Beijing University of Chinese Medicine, Evidence-Based Chinese Medicine Centre for Clinical Research and Evaluation, 11 Bei San Huan Dong Lu, Chaoyang District, Beijing, China, 100029. Jianping_l@hotmail.com
Traditional herbal therapies have been used for a long time to treat gastrointestinal disorders including irritable bowel syndrome, and their effectiveness from clinical research evidence needs to be systematically reviewed.
To assess the effectiveness and safety of herbal medicines in patients with irritable bowel syndrome.
We searched the following electronic databases till July 2004: The Cochrane Library (CENTRAL), MEDLINE, EMBASE, AMED, LILACS, the Chinese Biomedical Database, combined with hand searches of Chinese journals and conference proceedings till end of 2003. No language restriction was used.

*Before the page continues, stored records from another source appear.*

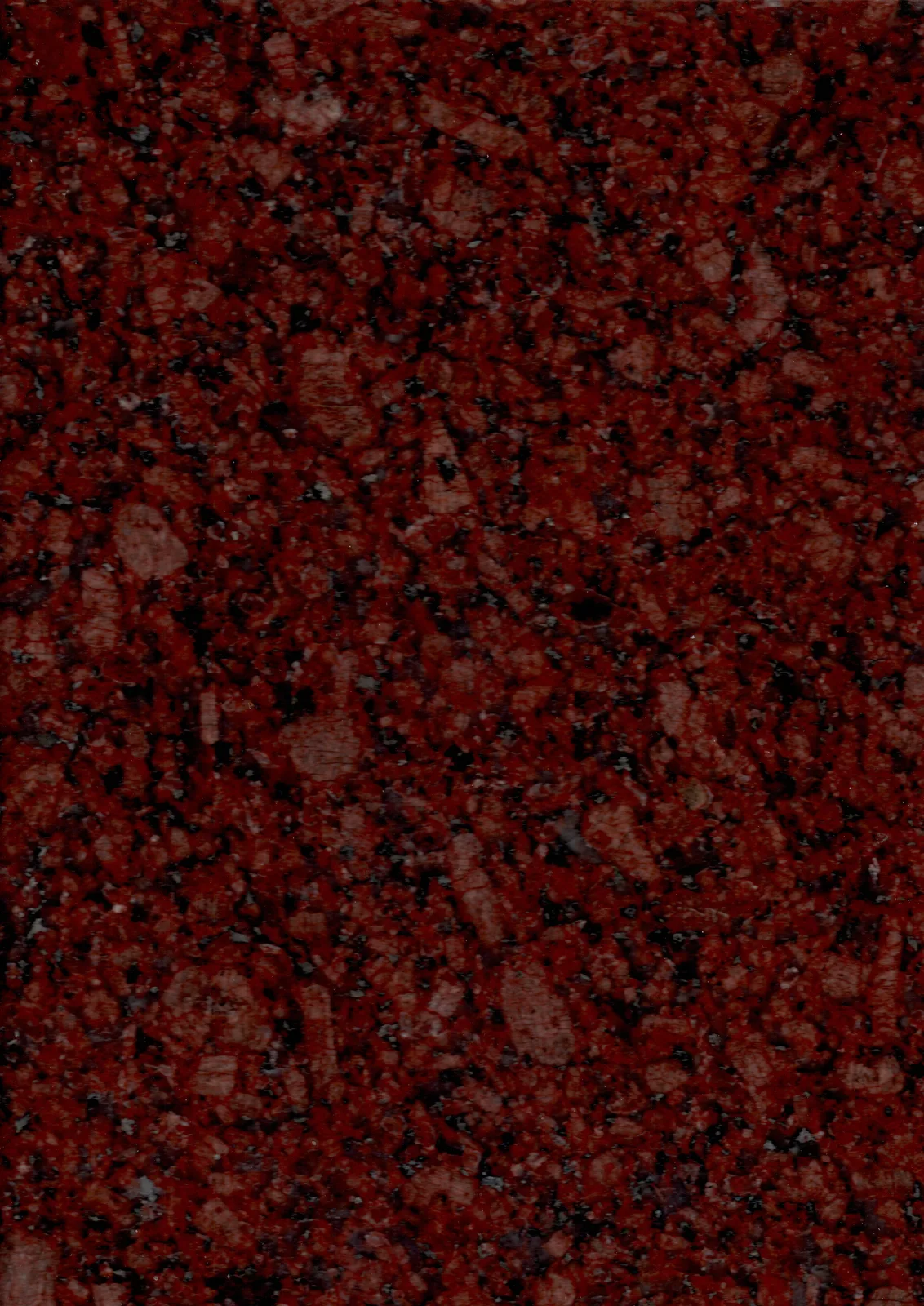 Imperial Red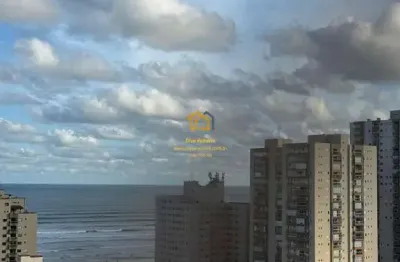 Apartamento com 2 quartos à venda na Rua Balneário Camburiu, Aviação, Praia Grande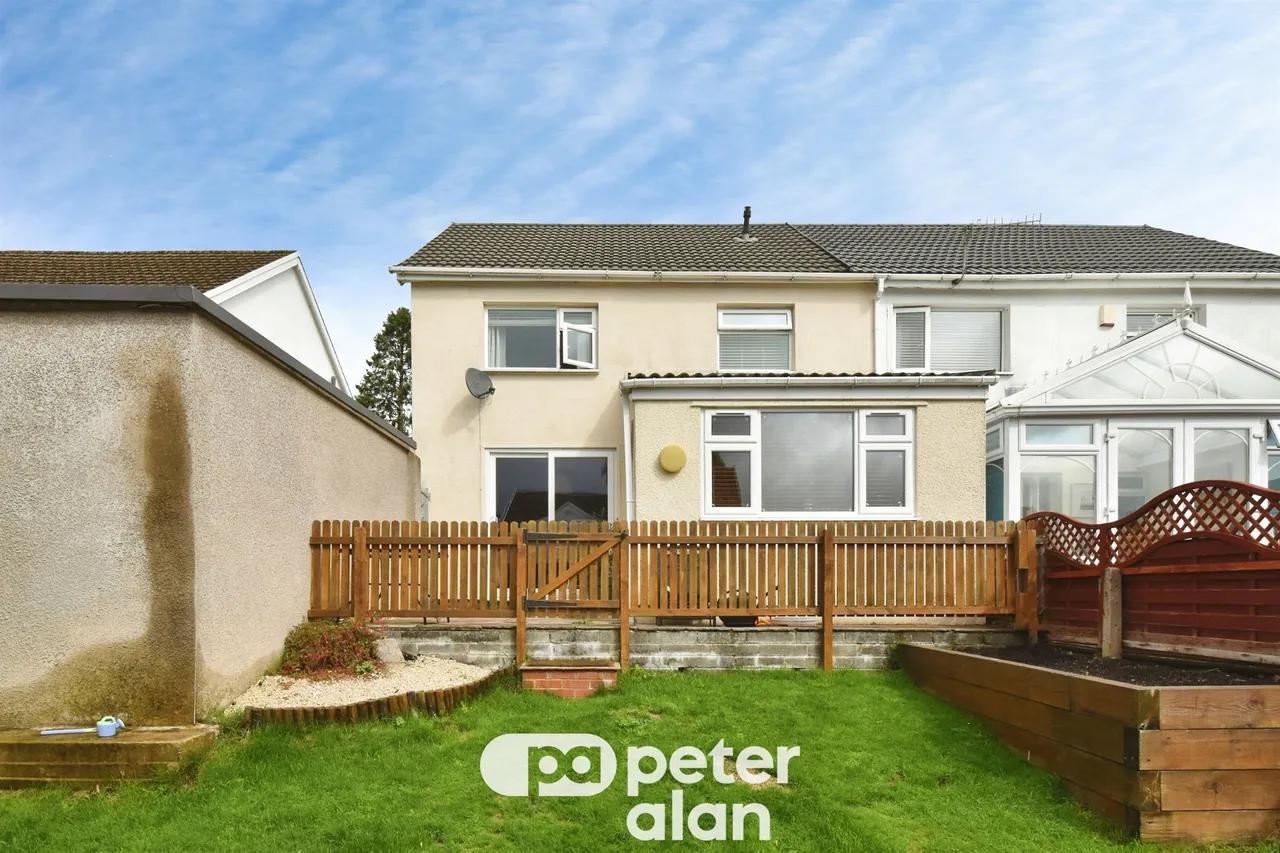 Alexandra Avenue, Merthyr Tydfil, CF47, photo 16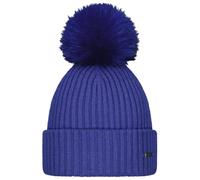 Barts - Women's Kenzie Beanie - Bonnet - One Size - cobalt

Randomized controlled trials of herbal medicines compared with no treatment, placebo, pharmacological interventions were included.
DATA COLLECTION AND ANALYSIS:
Data were extracted independently by two authors. The methodological quality of trials was evaluated using the components of randomization, allocation concealment, double blinding, and inclusion of randomized participants.
Seventy-five randomized trials, involving 7957 participants with irritable bowel syndrome, met the inclusion criteria. The methodological quality of three double-blind, placebo-controlled trials were high, but the quality of remaining trials was generally low. Seventy-one different herbal medicines were tested in the included trials, in which herbal medicines were compared with placebo or conventional pharmacologic therapy. Herbal medicines were also combined with conventional therapy and compared to conventional therapy alone. Compared with placebo, a Standard Chinese herbal formula, individualized Chinese herbal medicine, STW 5 and STW 5-II, Tibetan herbal medicine Padma Lax, traditional Chinese formula Tongxie Yaofang, and Ayurvedic preparation showed significantly improvement of global symptoms. Compared with conventional therapy in 65 trials testing 51 different herbal medicines, 22 herbal medicines demonstrated a statistically significant benefit for symptom improvement, and 29 herbal medicines were not significantly different than conventional therapy. In nine trials that evaluated herbal medicine combined with conventional therapy, six tested herbal preparations showed additional benefit from the combination therapy compared with conventional monotherapy. No serious adverse events from the herbal medicines were reported.
Some herbal medicines may improve the symptoms of irritable bowel syndrome. However, positive findings from less rigorous trials should be interpreted with caution due to inadequate methodology, small sample sizes, and lack of confirming data. Some herbal medicines deserve further examination in high-quality trials.